REQUIRED ACTION
Would you transcribe each entry precisely as it stands, setting aside any images?

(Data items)
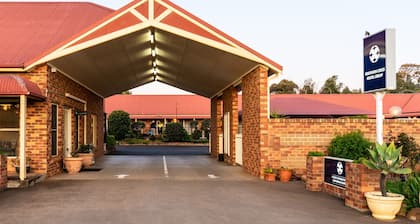 Parkes International Motor Inn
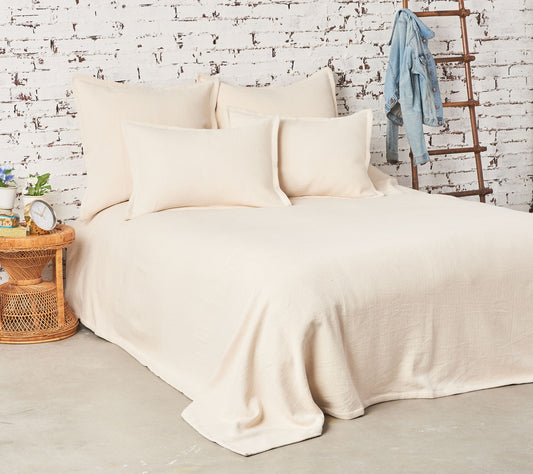 Carol & Frank Monroe Natural Queen Blanket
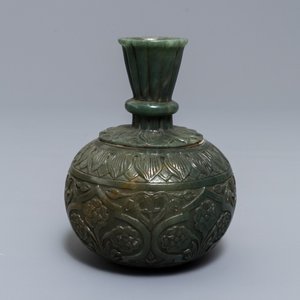 Een Chinese spinaziegroene jade hookah basis in Mogoolse stijl, 19/20e eeuw — foto 3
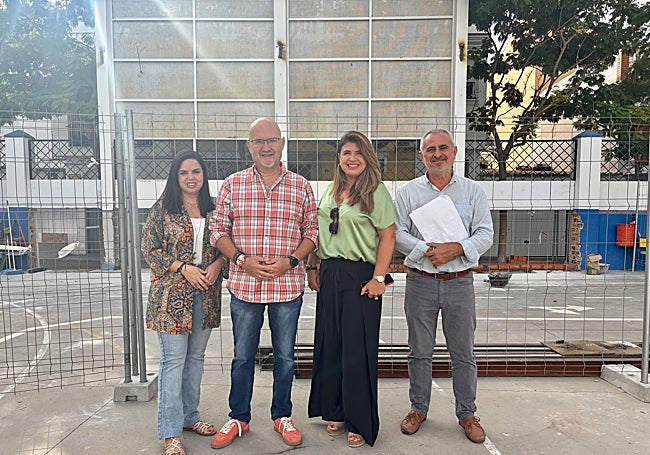 Ediles de Vélez-Málaga, en la visita al colegio Blas Infante de Torre del Mar.
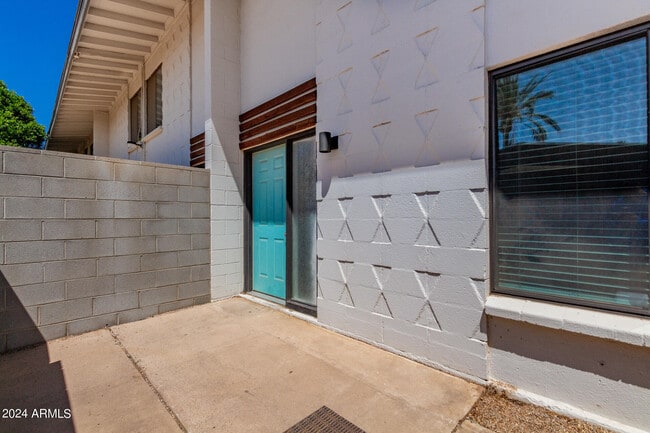Building Photo - 4220 E Almeria Rd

THE ANSWER
 Parkes International Motor Inn
 Carol & Frank Monroe Natural Queen Blanket
 Een Chinese spinaziegroene jade hookah basis in Mogoolse stijl, 19/20e eeuw — foto 3
 Ediles de Vélez-Málaga, en la visita al colegio Blas Infante de Torre del Mar.
Building Photo - 4220 E Almeria Rd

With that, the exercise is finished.